E nesta 15 edição, a fórmula de disputa parece ter encontrado um lugar definitivo, com 64 clubes distribuídos em 32 chaves, que vão se eliminando a cada confronto, até restar dois finalistas. Ou seja, o popular mata-mata. Em meio a tanta discussão sobre a melhor fórmula de campeonato, os pontos corridos ou os playoffs, a Copa do Brasil vai se tornando uma competição cada vez mais intocável no futebol brasileiro.
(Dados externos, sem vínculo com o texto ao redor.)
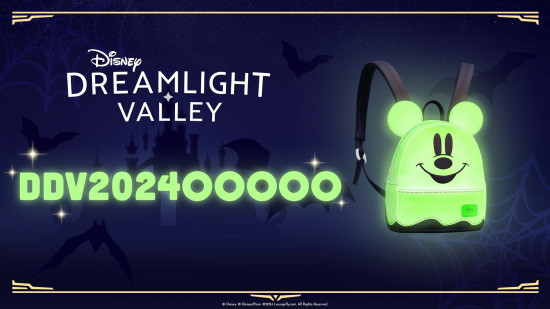 A glow-in-the-dark Mickey Mouse backpack and the Dreamlight Valley code to redeem in-game. 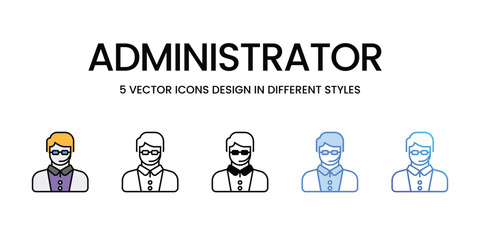 Administrator icons vector set stock illustration.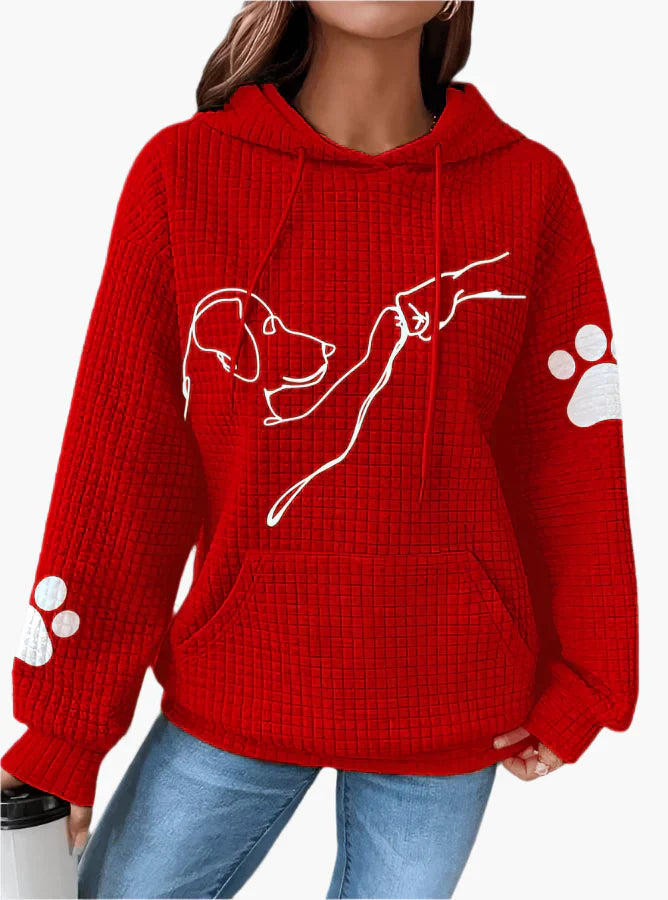 Dam Hoodie – Vaffelstickad – Avslappnad Passform – Hundmotiv – Känguruficka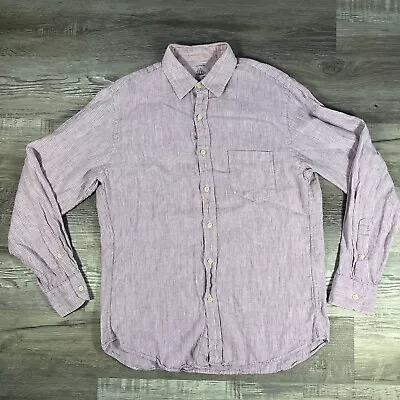 J. Crew Shirt Mens Medium 100% Irish Linen Purple Stripes Classic Button Down • $18.88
E neste ano, a CBF conseguiu criar um critério para escolher os times participantes. A entidade divulgou um ranking, de onde escolheu os 10 primeiros clubes, fora os quatro que disputam a Copa Libertadores, e dividiu as 54 vagas restantes entre as 27 federações do País, embora sem um critério claro. Desta forma, a maior ausência fica por conta do Grêmio, campeão em quatro oportunidades, que disputa a Libertadores. Times da Série A do Campeonato Brasileiro também ficaram fora, como a Ponte Preta e o Paraná Clube, pela falta de vagas nas suas federações.
Se a competição historicamente priviliegiou os times especialistas no mata-mata, ela também alavancou clubes que tiveram a oportunidade de conquistar seus primeiros títulos de expressão nacional, como os campeões Cricúma comandado pelo futuro pentacampeão mundial Luiz Felipe Scolari, em 1991 e Juventude, que levou a taça diante de um Maracanã lotado, em 99. Goiás, Ceará e Brasiliense chegaram às finais em 1990, 94 e 2002, respectivamente.